BEGIN Given data
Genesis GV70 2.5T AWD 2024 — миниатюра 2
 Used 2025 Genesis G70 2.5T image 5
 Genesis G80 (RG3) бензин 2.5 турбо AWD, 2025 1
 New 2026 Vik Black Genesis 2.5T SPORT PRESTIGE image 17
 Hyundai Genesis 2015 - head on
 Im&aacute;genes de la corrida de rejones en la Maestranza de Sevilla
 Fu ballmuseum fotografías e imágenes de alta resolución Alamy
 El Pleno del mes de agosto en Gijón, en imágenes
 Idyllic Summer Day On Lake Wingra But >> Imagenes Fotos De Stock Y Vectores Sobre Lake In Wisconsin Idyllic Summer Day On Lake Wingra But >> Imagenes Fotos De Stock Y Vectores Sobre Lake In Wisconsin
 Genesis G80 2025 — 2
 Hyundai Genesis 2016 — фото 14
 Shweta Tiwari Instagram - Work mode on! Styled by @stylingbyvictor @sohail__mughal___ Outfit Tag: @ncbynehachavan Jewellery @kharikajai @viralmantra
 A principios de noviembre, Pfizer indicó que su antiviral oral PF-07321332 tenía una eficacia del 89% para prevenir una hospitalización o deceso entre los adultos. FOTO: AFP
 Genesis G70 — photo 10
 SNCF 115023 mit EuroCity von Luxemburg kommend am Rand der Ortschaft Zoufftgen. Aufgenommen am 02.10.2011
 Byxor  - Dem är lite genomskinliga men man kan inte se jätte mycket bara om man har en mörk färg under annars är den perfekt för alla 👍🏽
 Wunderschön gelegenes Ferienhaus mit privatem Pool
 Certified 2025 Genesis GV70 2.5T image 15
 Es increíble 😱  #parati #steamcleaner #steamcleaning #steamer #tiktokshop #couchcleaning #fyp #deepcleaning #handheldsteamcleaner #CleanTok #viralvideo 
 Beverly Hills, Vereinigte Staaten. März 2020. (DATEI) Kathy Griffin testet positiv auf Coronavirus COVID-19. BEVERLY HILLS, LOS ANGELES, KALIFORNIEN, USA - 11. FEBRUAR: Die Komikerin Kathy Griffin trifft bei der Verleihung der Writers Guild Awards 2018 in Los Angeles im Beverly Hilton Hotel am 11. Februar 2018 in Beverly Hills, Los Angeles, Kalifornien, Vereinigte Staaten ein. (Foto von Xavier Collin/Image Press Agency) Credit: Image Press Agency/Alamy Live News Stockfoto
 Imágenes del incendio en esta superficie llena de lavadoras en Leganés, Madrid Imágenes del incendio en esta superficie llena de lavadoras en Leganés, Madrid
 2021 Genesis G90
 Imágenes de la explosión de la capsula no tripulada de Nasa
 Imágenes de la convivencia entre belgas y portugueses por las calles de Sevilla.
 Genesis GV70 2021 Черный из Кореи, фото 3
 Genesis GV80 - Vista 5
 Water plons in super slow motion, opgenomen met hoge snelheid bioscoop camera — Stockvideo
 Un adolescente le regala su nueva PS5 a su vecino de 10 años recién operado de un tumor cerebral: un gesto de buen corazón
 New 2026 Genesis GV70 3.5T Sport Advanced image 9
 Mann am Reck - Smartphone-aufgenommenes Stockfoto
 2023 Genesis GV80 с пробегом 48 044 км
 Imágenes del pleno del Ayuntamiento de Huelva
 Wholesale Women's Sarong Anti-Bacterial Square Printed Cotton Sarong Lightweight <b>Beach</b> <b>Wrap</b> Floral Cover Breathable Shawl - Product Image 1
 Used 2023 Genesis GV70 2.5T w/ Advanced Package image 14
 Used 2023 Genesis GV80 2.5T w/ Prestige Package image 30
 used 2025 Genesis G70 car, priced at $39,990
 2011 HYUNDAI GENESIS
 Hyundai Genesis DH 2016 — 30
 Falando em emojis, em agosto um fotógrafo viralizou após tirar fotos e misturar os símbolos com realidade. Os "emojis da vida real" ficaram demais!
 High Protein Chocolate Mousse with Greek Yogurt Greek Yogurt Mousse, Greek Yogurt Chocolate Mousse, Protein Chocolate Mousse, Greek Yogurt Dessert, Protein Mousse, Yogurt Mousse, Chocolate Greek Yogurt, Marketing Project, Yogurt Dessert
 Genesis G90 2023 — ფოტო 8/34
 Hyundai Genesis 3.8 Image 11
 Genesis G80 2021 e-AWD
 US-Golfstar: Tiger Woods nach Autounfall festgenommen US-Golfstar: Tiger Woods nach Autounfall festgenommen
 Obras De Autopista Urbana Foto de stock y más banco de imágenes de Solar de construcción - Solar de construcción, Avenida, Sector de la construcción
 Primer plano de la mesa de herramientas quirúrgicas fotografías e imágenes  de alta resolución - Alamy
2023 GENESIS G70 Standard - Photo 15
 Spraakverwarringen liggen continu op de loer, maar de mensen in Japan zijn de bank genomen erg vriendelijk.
END Given data
Problem to solve: For every line above that has "фото" in it, copy the line.

Answer box:
 Hyundai Genesis 2016 — фото 14
 Genesis GV70 2021 Черный из Кореи, фото 3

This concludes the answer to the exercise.